Pemerintahan Biden telah berupaya mengambil langkah-langkah untuk menurunkan tarif dalam periode mendatang, termasuk melalui pelepasan minyak dari Cadangan Minyak Strategis dan ancaman untuk melakukan lebih banyak lagi, jika diperlukan, untuk mengurangi harga bensin, yang bisa dibilang merupakan yang paling sensitif secara politik dan paling terhormat di AS.

Namun, meskipun pengeluaran telah menurun dalam tiga minggu terakhir, sebuah tren yang dirayakan oleh Kepala Staf Gedung Putih Ron Klain dalam sebuah cuitan pada hari Minggu, pengeluaran tersebut masih di atas level sebulan lalu dan 12 bulan lalu.

Biden, yang berupaya membedakan diri secara lebih tajam dari pihak oposisi, memperingatkan bahwa jika Partai Republik menguasai Kongres, AS berisiko mengalami bentrokan baru terkait pajak dan pengeluaran yang dapat menyebabkan bencana batas utang dan kehilangan talenta.

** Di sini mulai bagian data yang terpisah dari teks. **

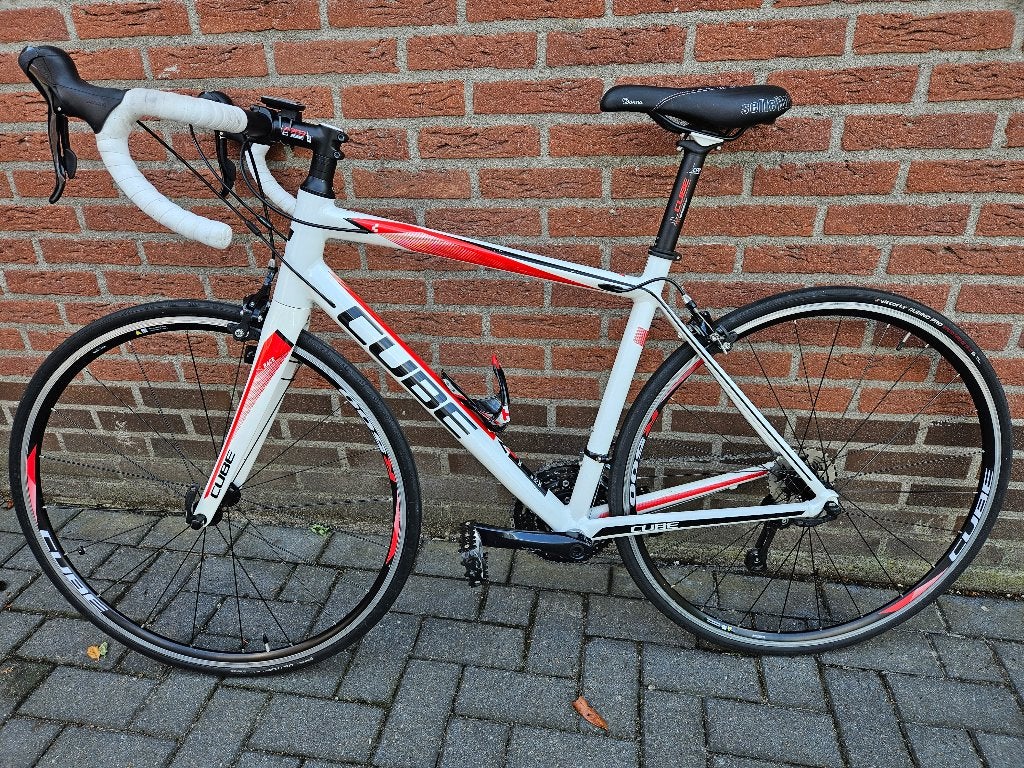 Cube Peloton maat 53, Fietsen en Brommers, Gebruikt, Velgrem, Aluminium, Meer dan 20 versnellingen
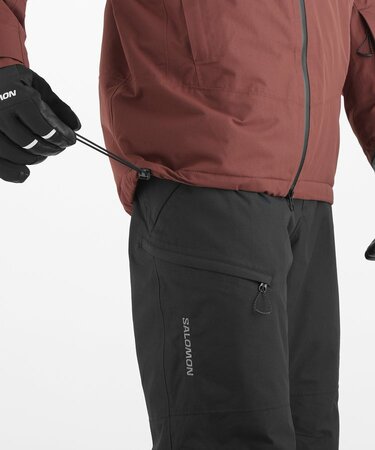 Lyžiarska bunda Salomon Transfer Puff Jacket Rum Raisin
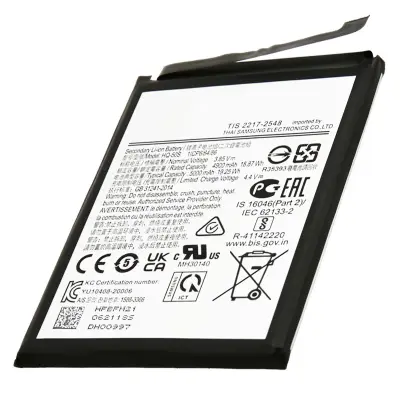 Li-ionska baterija 3.85V za Samsung Galaxy A02s Združljiva HQ-50SD, Črna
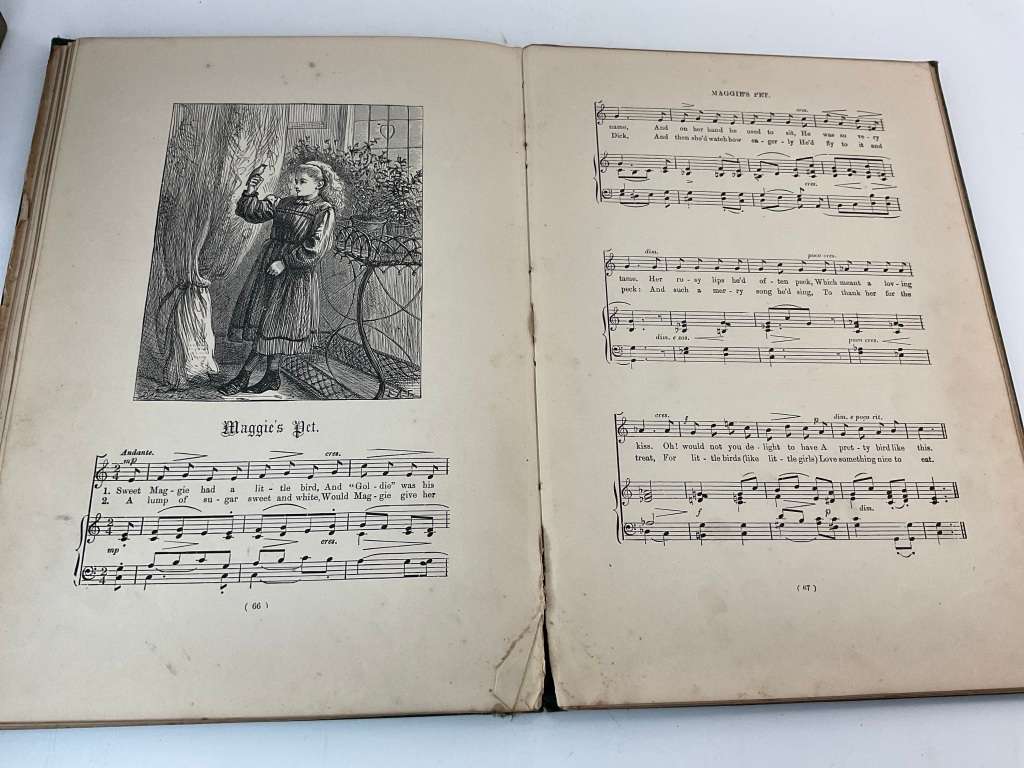 National Nursery Rhymes and Nursery Songs by J.W. Elliott c1890 | Etchings by Dalziel Brothers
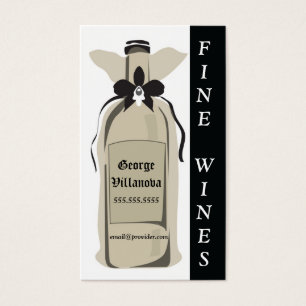 Carte de profil de vin fin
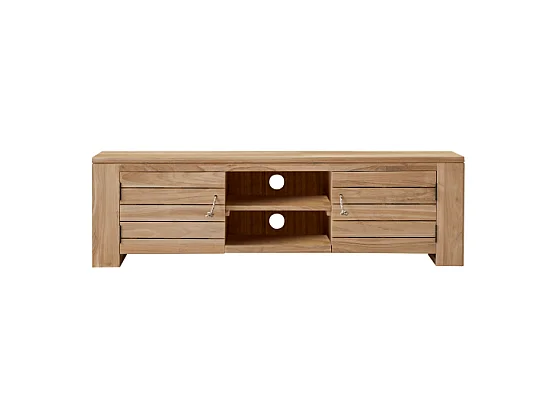 TV Schrank aus massivem Teakholz Minimalys 135 cm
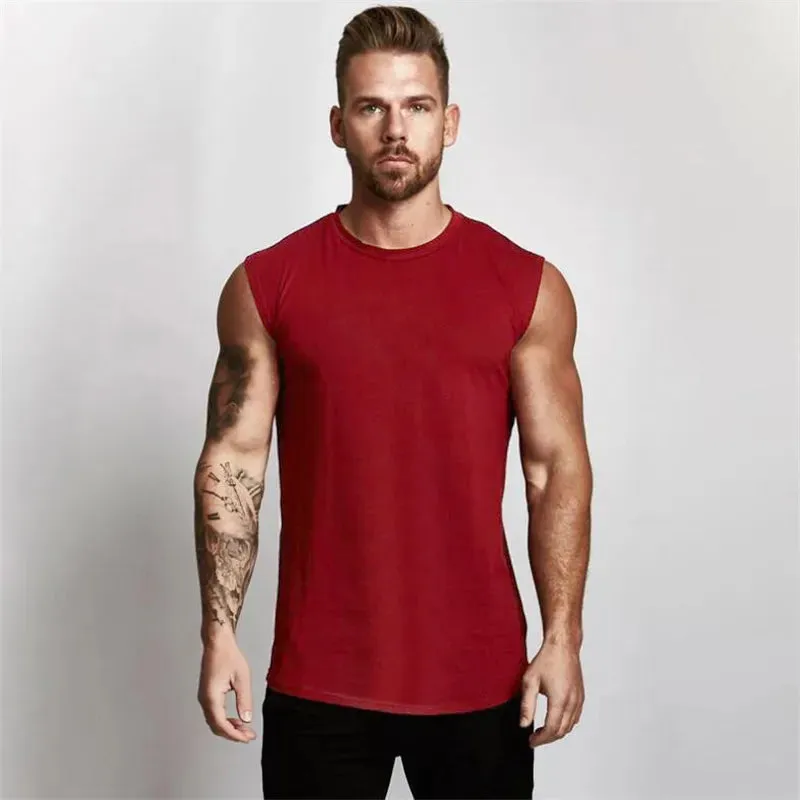 Muscleguy Brand Gyms  Workout Sleeveless Shirt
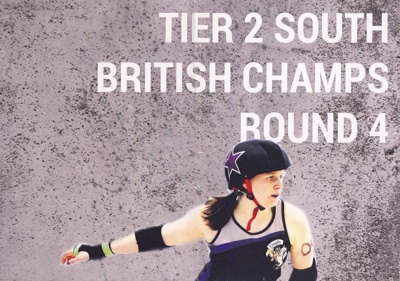 Poster: British Roller Derby Championships Tier 2 South; Croydon Roller Derby; May 2016; GWL-2019-95-28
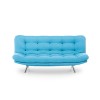3-Seat Sofa-Bed Misa Sofabed - Turquoise Turquoise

Tim Kaine, senator Demokrat dari Virginia, menekankan bahwa ia percaya ada kemungkinan para pemilih akan memberikan kesempatan kepada perayaan ulang tahunnya untuk membuktikan diri. “Mereka tahu bahwa tidak seorang pun dari kita memiliki tongkat ajaib. Mereka memiliki konsep yang berbeda tentang apa penjelasannya, dan saya percaya mereka mungkin menerima kekhawatiran internasional yang paling besar. Tetapi yang mereka inginkan adalah Kongres yang berusaha untuk merespons.”

Namun, beberapa analis politik memperingatkan bahwa penyesuaian kembali pesan ekonomi mungkin sudah terlambat. “Ini jelas agak canggung: mereka mencoba mempromosikan strategi kampanye 2020 atau 2021 mereka ke suasana yang berbeda di tahun 2022, dan itu tidak berhasil,” kata Ben Koltun dari Beacon Policy Advisors.

Jéssica Esteves
Jessica Esteves
Nama saya Jéssica Esteves, dan saya seorang penulis jurnalistik sejak tahun 2021. Saya tinggal di Itu, São Paulo, dan berusia 28 tahun. Saya bekerja di bidang blog, menulis artikel tentang teknologi, kesejahteraan, dan gaya hidup, selalu berusaha memberikan nilai tambah bagi kehidupan orang lain. Tulisan saya jelas dan mudah dipahami, hasil dari riset yang cermat. Saya sangat menyukai kucing, yang memberi saya inspirasi dan kegembiraan. Saya berdedikasi untuk berkontribusi positif pada komunitas online, menciptakan konten yang berfungsi sebagai alat nyata untuk transformasi dan pertumbuhan pribadi bagi para pembaca saya.